Summarize what you observed as dataset size increased. Given that validation metrics are typically reliable to only about two decimal places, do the performance gains justify using the entire dataset? What trade-offs between accuracy and computation time did you notice?

#### Your Answer Here:
As dataset size increased from 25% to 100%, validation accuracy improved steadily from 0.914 to 0.931, a gain of 1.7 percentage points. However, the improvement shows diminishing returns: moving from 25% to 50% gained 1.0 percentage points, while 50% to 75% gained only 0.14 points, and 75% to 100% gained 0.53 points. Training time scaled roughly linearly with data size, from 3 minutes at 25% to over 7 minutes at 100%. Given that validation metrics are reliable to only two decimal places, the 0.93 vs 0.91 difference is modest but meaningful. Whether the full dataset is justified depends on the application: for research or production systems where every percentage point matters, the extra 4 minutes is worthwhile. For rapid prototyping or resource-constrained scenarios, 50% of the data achieves 0.92 accuracy in just under 5 minutes, offering an excellent accuracy-to-computation ratio.
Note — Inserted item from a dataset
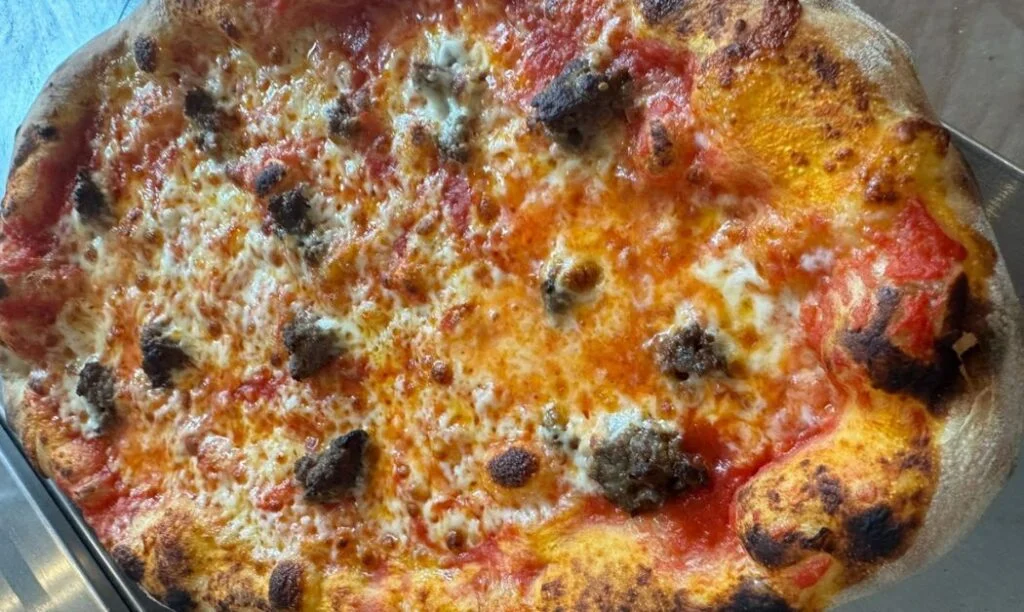 A cheese and meatball pizza from Artisan Pizza Cafe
# Problem 3 — Model swap: speed vs. accuracy (why: capacity matters)

In this problem we will compare encoder-only backbones of different sizes.

**Setup.** Keep the best `MAX_LEN`, `LR`, and `SUBSET_FRAC` from Problems 1–2. Only change the model/preset:

* **DistilBERT** (current baseline)
* **MobileBERT** (smaller/faster)
* **BERT-base** (larger/usually stronger)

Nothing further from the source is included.